Saturday, August 11, 2007

Good goth

Don't get your hopes up, it's just a book review.

I don't like giving bad reviews. The authors always show up and make me feel ashamed of myself. For this reason, I have abstained from reviewing The Flown Sky by Matthew Olshan, the Spiderwick Chronicles by Tony DiTerlizzi and Holly Black, and Drita, My Homegirl by Jenny Lombard.

So, while I don't have too many nice things to say about the Edgar & Ellen series by Charles Ogden, I am going to mitigate my negativity by mentioning a few similar series of books that I liked quite a bit: Franny K. Stein, Mad Scientist by Jim Benton, Pure Dead Magic by Debi Gliori, and Secrets of Dripping Fang by Dan Greenburg (reviewed earlier).

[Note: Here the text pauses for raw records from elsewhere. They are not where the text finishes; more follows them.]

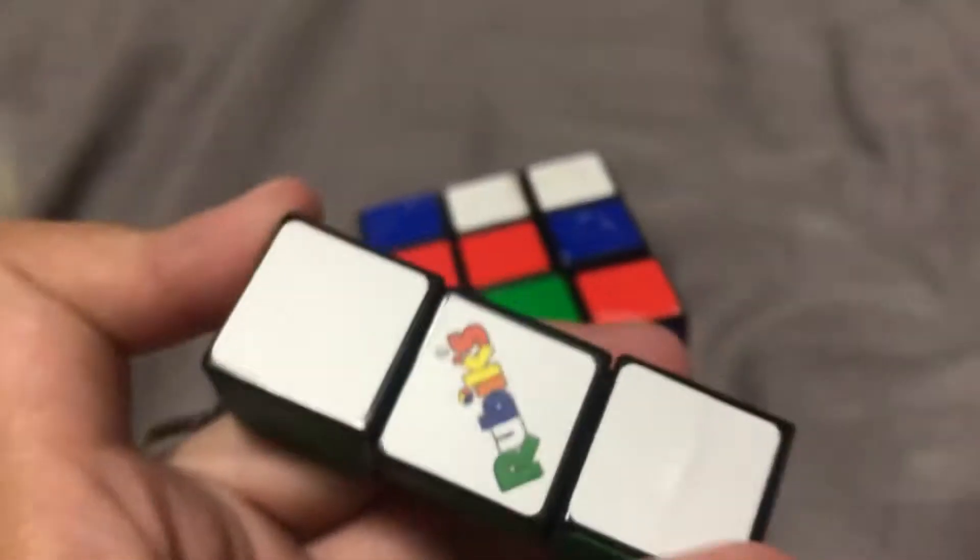Guys, today I have another Rubik's Cube, but it's not this one. This one's already scrambled. Ta-da! It's like a mini three by three. Yeah, it's a keychain Rubik's Cube.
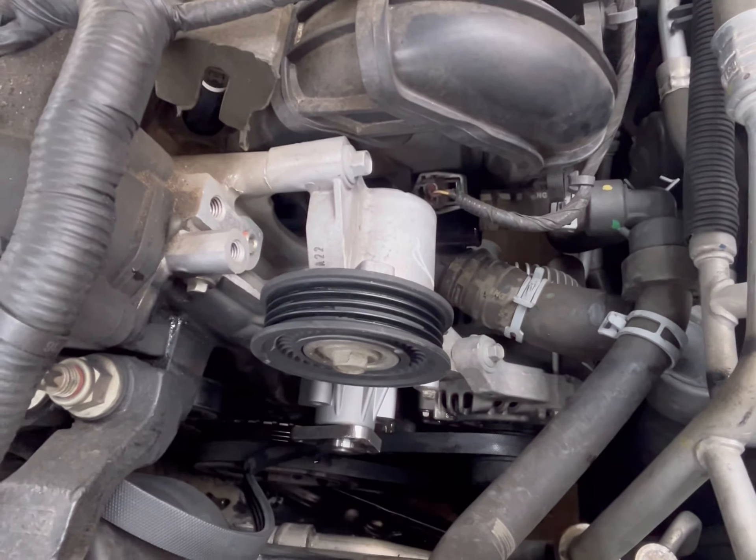The new thermostat is back in and the clamps are back on, so those should be good to go. Put that clamp back here for the reservoir. The pry bar works out really well — definitely use the pry bar once you pry these clamps back, then just work your way and pull back the hoses.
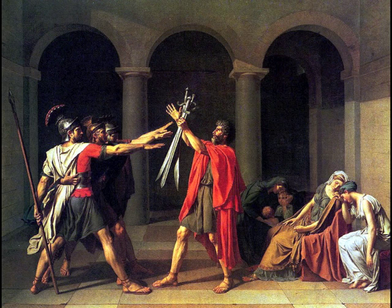The Oath of the Horatii depicts three sons swearing an oath on their swords, held high by their father, that they will defend Rome to their death. As a paradigm of neoclassical art, it has several important characteristics.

These are your inverted-viewpoint books, the books in which the good-looking, friendly characters are simps and the pale mean creepy kids are the protagonists. Think Roald Dahl, kinda.

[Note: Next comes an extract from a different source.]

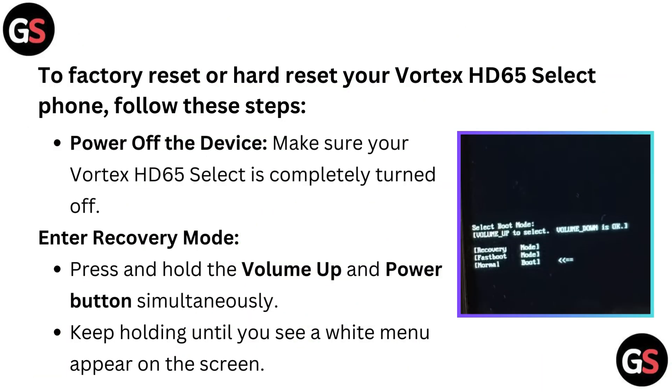To factory reset or hard reset your Vortex HD65 Select phone, follow these steps. Power off the device — make sure your Vortex HD65 Select is completely turned off. Enter recovery mode: press and hold the volume up and power button simultaneously, keep holding until you see a white menu appears on the screen.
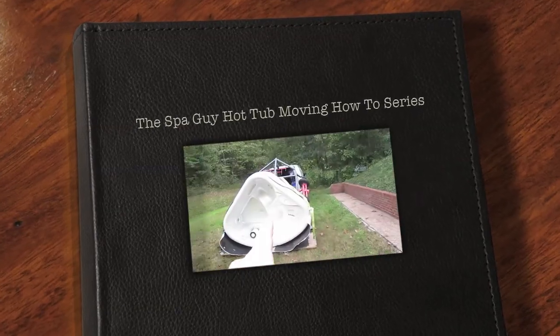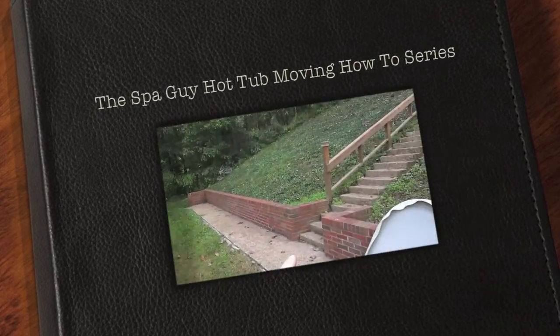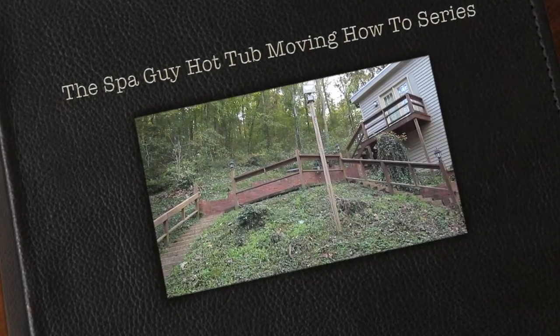All right, so we are going to take this hot tub right here, this little Hot Spring Solana. We've got it on a Teflon slider and we're going to slide it right up those steps and place it right up there. Pretty high up, I'd say.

Frantastic Voyage: Franny K Stein, Mad Scientist book 5, by Jim Benton. Ages 6-10.
Aww, a kid's first evil genius series... can there be anything so cute? Franny, and her yen for world domination, has something of a Nickelodeon look and feel. She (and her not-so-bright sidekick dog, Igor) put me in mind of Pinky and the Brain, and you know that's not a bad thing. Thumbs up.

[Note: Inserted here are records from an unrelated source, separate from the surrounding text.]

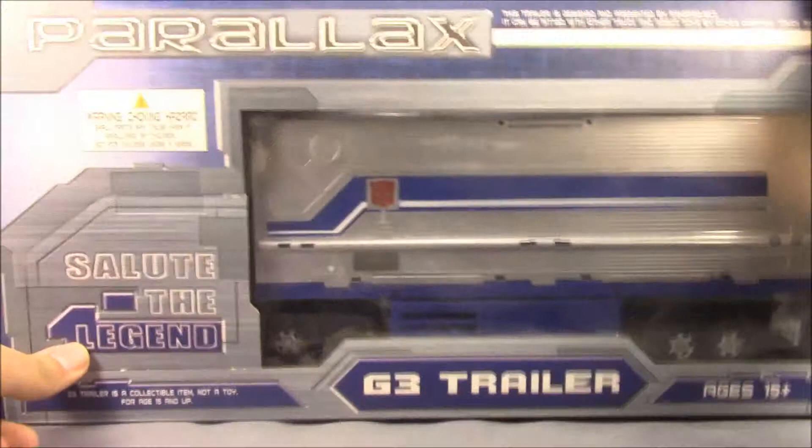Hey, it's Dalton at Daltonian's TRF Reviews, and today I'm giving you a look at a third-party add-on set, and that being the Fans Project Parallax G3 trailer.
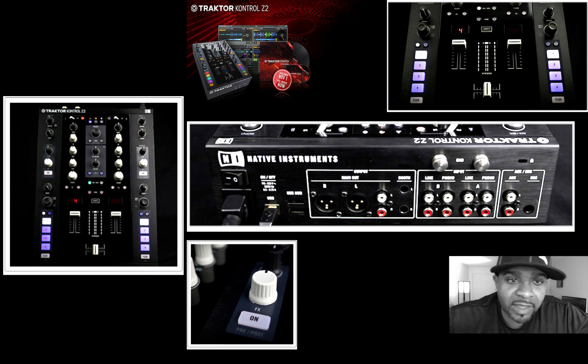What is up YouTube? DJ K coming at you with a quick little video. I want to talk about the new Traktor Kontrol Z2 mixer that Native Instruments is coming out with.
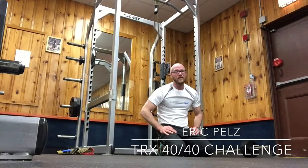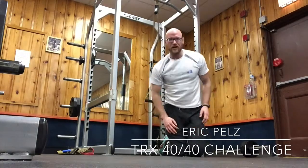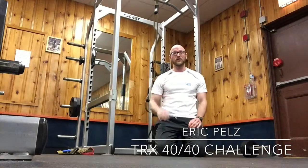42, not quite 45. Let's see how well you can do — thanks for tuning in.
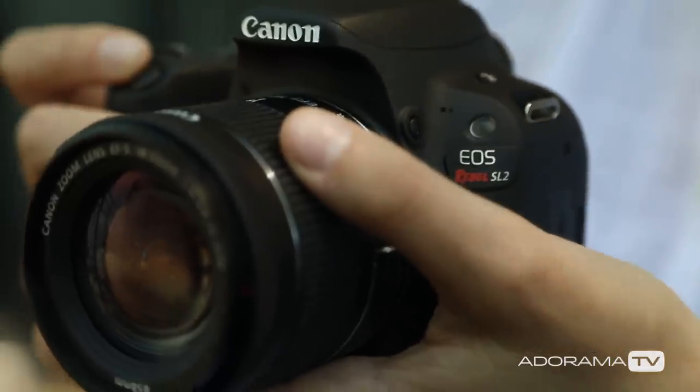Hi, my name is Alexis Denver-Coulter and I'm here today with the Canon EOS Rebel SL2.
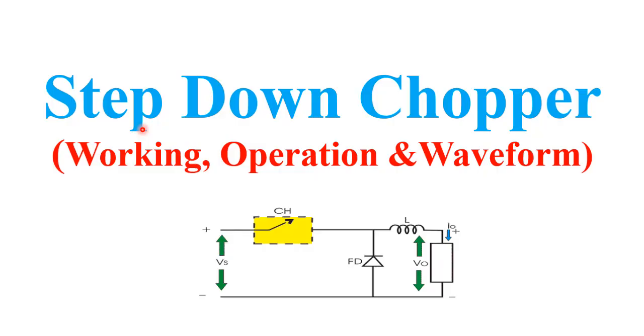Hello friends. Welcome to the Quick Learn tutorial series. In this video I will explain the step down chopper, its working operation, and waveform.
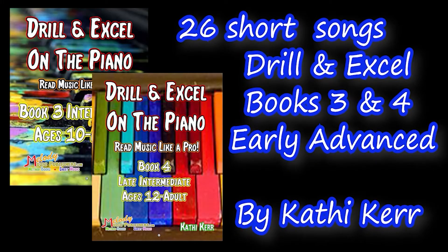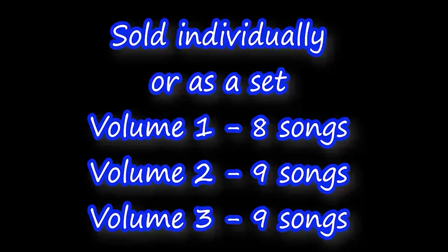There are 26 short songs from the Drill and Exercise books 3 and 4 for the Early Advanced Student. They are sold individually or as a set: Volume 1 with 8 songs, Volume 2 with 9 songs, and Volume 3 with 9 songs.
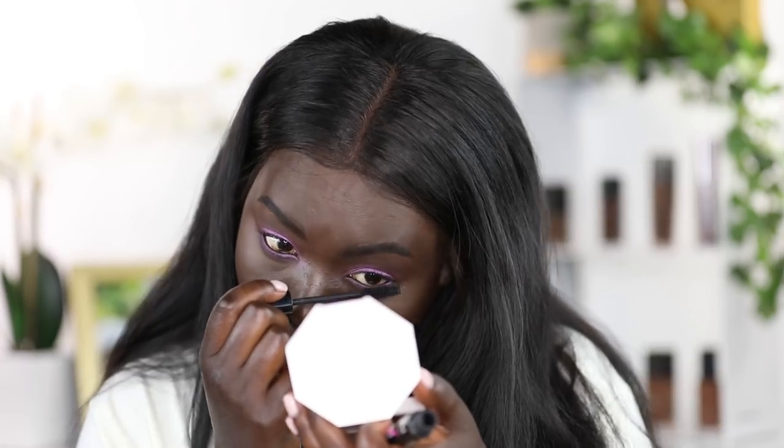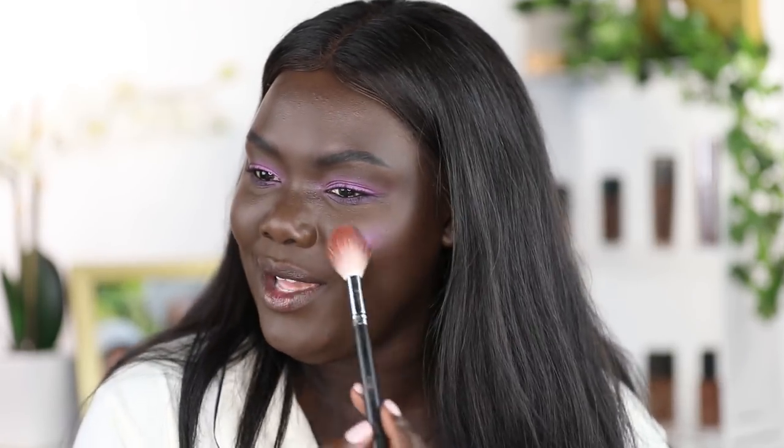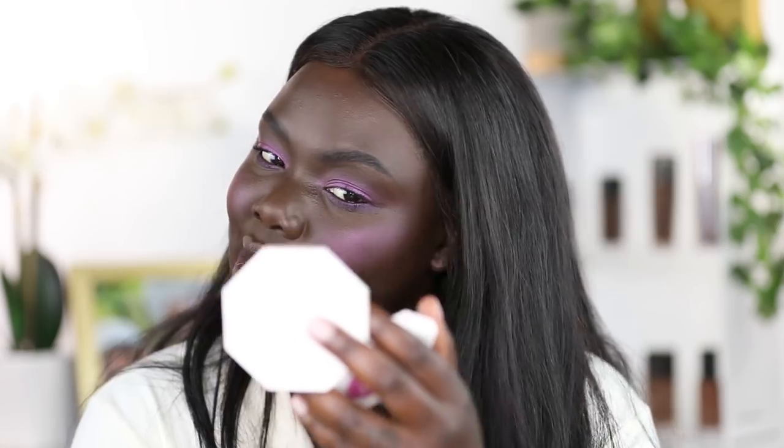Now we're going to go in with some mascara. Then I'm taking the Sangria Sunset and using it as blush with a blush brush. I know Rihanna used her little highlighting brush, but I feel like I don't have as much control with that. The first time I did this, it was looking a little crazy. The orange just didn't look as flattering on my skin tone as it did on hers, so I'm just going to blend out any harsh line with a brush.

Secrets of Dripping Fang by Dan Greenburg. Ages 7-10.
Mystery, adventure, family values, monsters. Already approved this vivid and fun series.

Pure Dead Magic, by Debi Gliori. Ages 7 to 11.
In the Pure Dead Magic books, we have Titus and Pandora and their baby sister Damp (good name for a baby). They live an ordinary life with their mother the witch, their grandmother the frozen corpse, pet rats, etc. Then they solve a mystery. It's funny, the details are imaginative, the kids snipe at each other good-naturedly. Thumbs up.

Rare Beasts by Charles Ogden. Ages 7 to 11.
Edgar & Ellen? God, man, you don't realize what a job it must be writing perverse-and-eccentric for kids until you see one that just misses the mark. Edgar and Ellen are twins who live alone in a big creepy house. In the first book of the series, Rare Beasts, they grow tired of threatening each other's life for fun and hatch a money-making scheme involving exotic animals. They steal all the pets in the town, disguise them with fake horns and glitter, and try to sell them, with no success. It's just a horrible book. The kids are not glamorously goth, nor are they smart or even particularly inventive, the details do not sing (although the children do, dreary little threatening songs), and in fact, you are meant to be rooting against them. That's hard to write, and in this case, I'd say it's not worth the effort.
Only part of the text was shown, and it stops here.